Sex, song, and liberated women - Sean Tyrrell on The Midnight Court

WHILE OUT for a walk, a poet is accosted by a giant hag and hauled before the court of Queen Aoibheal, where he is condemned for being unmarried and Irish men and priests are given the thumbs down not satisfying the sexual needs of the women of Ireland.

This is Brian Merriman’s celebrated The Midnight Court/Cuirt an Mhean Oiche. Dating from the late 1700s, it is one of the greatest and funniest works of Irish literature.

Cuirt an Mhean Oiche has also been an enormously influential work for writers such as Flann O’Brian, Seamus Heaney, and Thomas Kinsella, artist Pauline Bewick, and modern Irish funk-soul band the Republic of Loose.

However, it’s most famous re-interpretation both in words and music is from the great Galway born folk-singer Sean Tyrrell. Sean’s highly acclaimed show The Midnight Court will be performed in The Crane Bar on Saturday November 8 at 7pm as part of Spirit Of Voice 2008 festival.

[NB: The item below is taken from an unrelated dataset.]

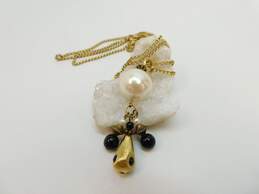 Vintage Robert Rose Goldtone Faux Pearls & Black Ball Ridged & Brushed Beaded Pendant Chain Necklace 19.1g alternative image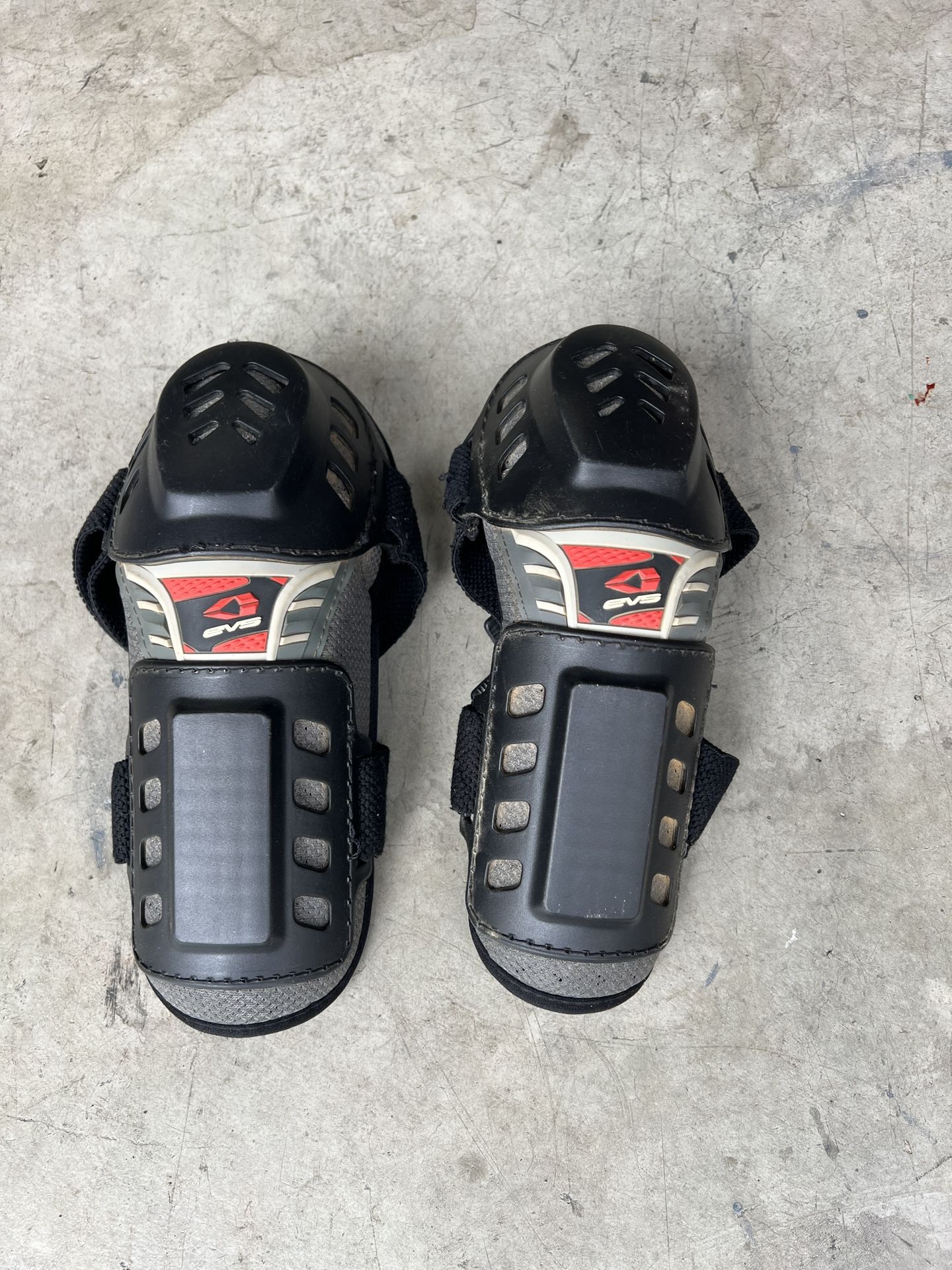 Elbow Guards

On the night Sean will be joined by multi-instrumentalist Johnny Mullins and they will perform the songs Sean wrote inspired by and telling the entire story of the poem. On the stage will also be three large reproductions from Pauline Bewick’s own series of interpretation of The Midnight Court - Queen Aoibheal, the man, and the woman.

“I got a call to perform some songs from my show The Midnight Court at the opening of Pauline’s exhibition in Waterford and in Kenny’s,” Sean tells me during our Tuesday afternoon conversation. “I got an amazing response to the songs and Pauline loved them.

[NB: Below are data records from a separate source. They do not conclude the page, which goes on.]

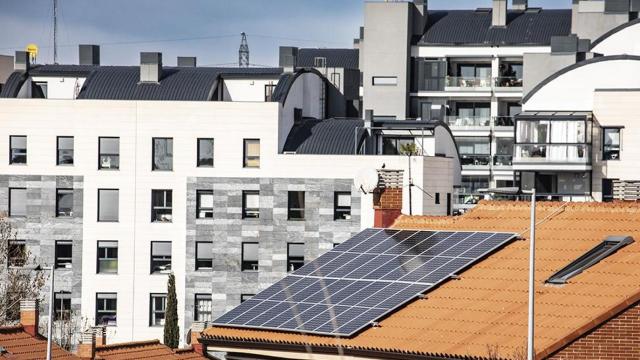 Rivas llena de placas solares sus colegios e institutos para dar luz a las familias más vulnerables y reducir el bono social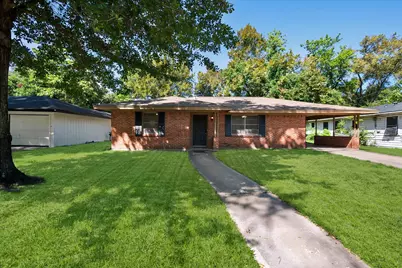 902 N 23 1/2 Street, Corsicana, TX 75110 - Photo 1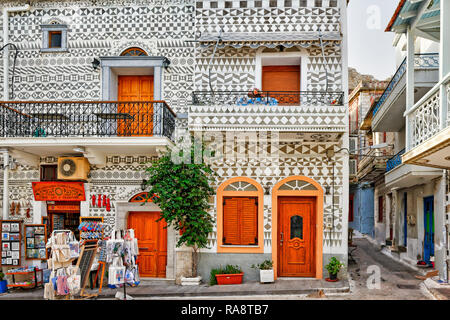 Maisons traditionnelles décorées de motifs géométriques le célèbre zéro dans le village médiéval de mastic de Pyrgi sur l'île de Chios, Grèce Banque D'Images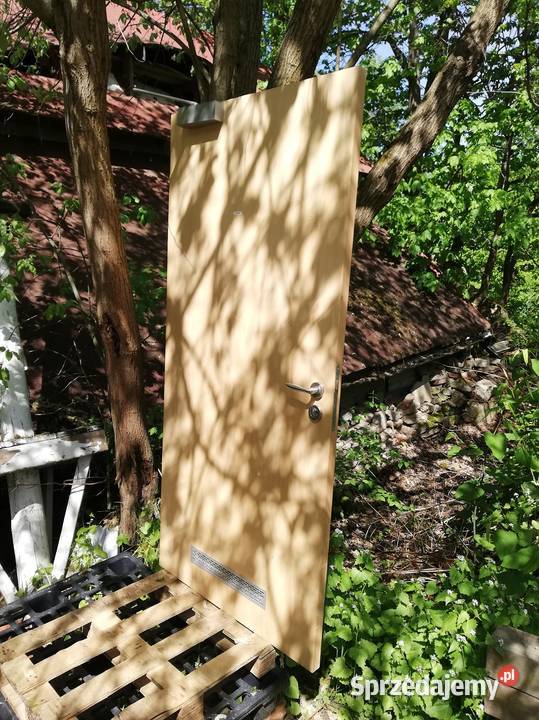 drzwi drewniane solidne z ościeżnicami dolnośląskie Jelenia Góra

I asked her if I could use the three paintings and she said yes. Those three paintings spoke to me of what was being said in the poem. In the show I address the woman in the picture when singing about the women and to the man when singing to the men.”

Sean has enjoyed great success and critical acclaim since he first performed The Midnight Court as a stage show in the Galway Arts Festival in 1992. He has since brought it all over Ireland and to the Edinburgh Festival. His dream is to next perform it in the USA.

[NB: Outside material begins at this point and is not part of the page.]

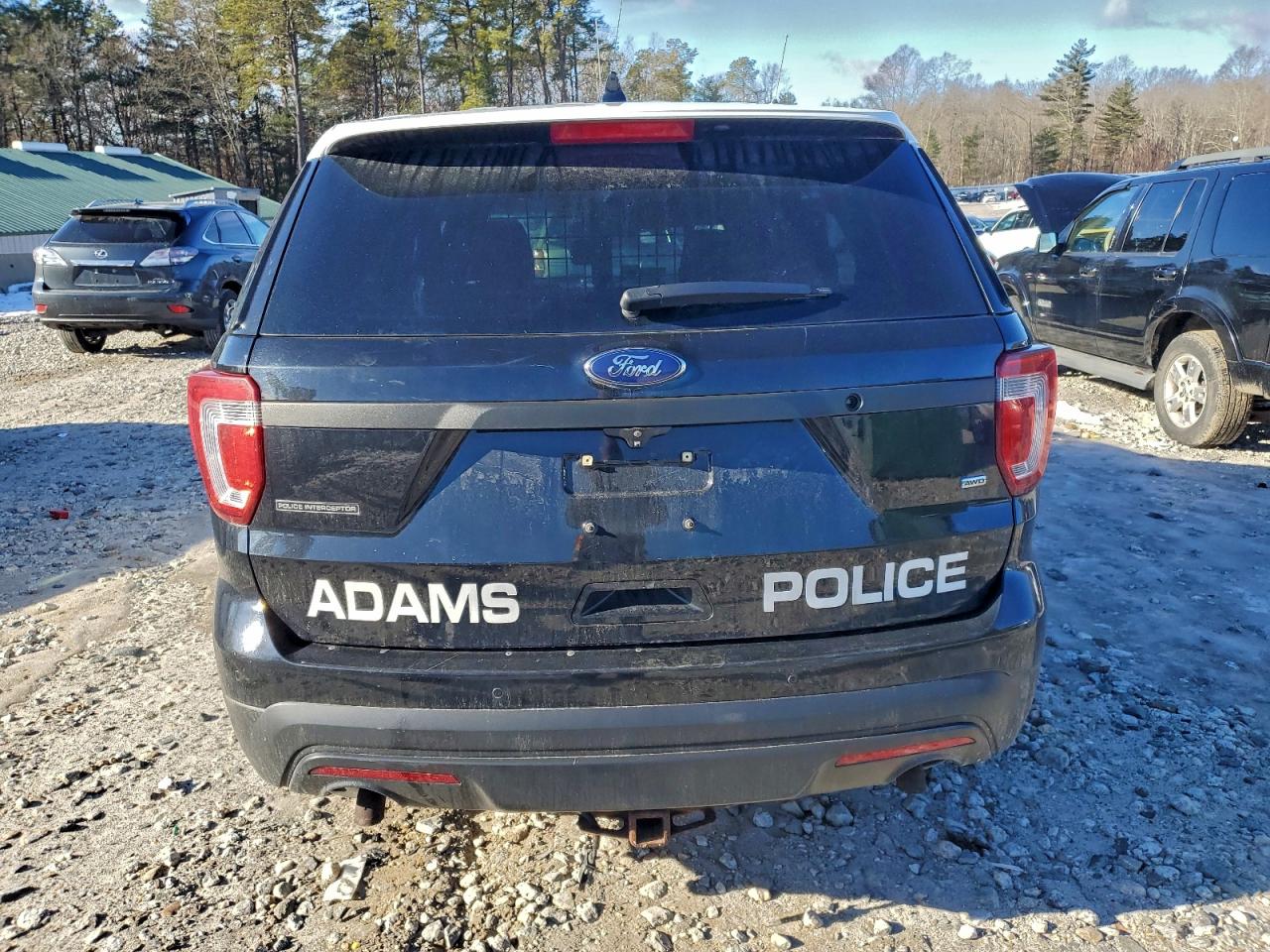 Ford Explorer Police Interceptor Image 12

“I’m just back from playing the States and I did some songs from it over there,” says Sean. “People say it won’t be understood outside of Ireland but I say women and men are the same the world over.”

Back to the beginning though, when did Sean come across the poem? He had touched upon its opening verses in school but it was only later when he read the entire thing.

“Many years ago I was working in a youth hostel in Killarney and I found a translation there by David Marcus and I brought it with me when I left,” he says. “I’m always sorry I mislaid it in the telephone box that used to be on O’Brien’s bridge.

“When I went to Clare I bought another copy of it. I thought I might get a few comedy songs from it but then I found I was putting the whole thing to music. I must have sat on it for several years before I approached Maeliosa Stafford in 1992 about staging it in Druid. It went on to become one of the hits at that year’s arts festival.”

Cuirt an Mhean Oiche is most famous for its sexual frankness and ribaldry. Also its tackling of issues such as female sexuality and clerical celibacy continue to make it relevant and modern. In this great battle of the sexes, Sean is very clear whose side he is on.

“It’s a feminist statement written by a man and put to music by another man,” he says. “There’s the slagging between the men and the women and Queen Aoibheal pronounces in favour of the women. There is politics in there as well: ‘Our country raped and looking a coward’. It’s timeless.

“During the show we segregate the audience to get a battle royal going. In Druid during the first performance of the show a woman’s shoe hit me in the chest so it can get the passions going.”

Does Sean feel Cuirt an Mhean Oiche gives us an insight into an Ireland that English Victorian imperialism and Irish Catholic prudishness wanted to sweep under the carpet?

“Brian Merriman wasn’t very prudish and didn’t care to much for the morals of his time and I care less for them as they are now!” declares Sean. “I remember we wanted to stage it in the Town Hall one year around Easter. Mike Diskin was the manager at the time and he suggested starting it on a Good Friday. I said ‘Wait! Are you sure?’ There ended up being uproar from the clergy but I was even more delighted when I found it was a Protestant minister who was making the complaints. ‘We’re offending all sides’ I thought and that made me happy. It was the best publicity as we had three nights’ full houses.”

What does Sean feel are the qualities that make Merriman’s work so influential and inspirational to so many different kinds of Irish musicians, artists, and writers?

“Merriman was an accomplished fiddler so he was writing to the metre of music in his head,” he says. “The poem also appeals to the anarchy in us all. His approach is so off the wall for his time and off the wall even now.”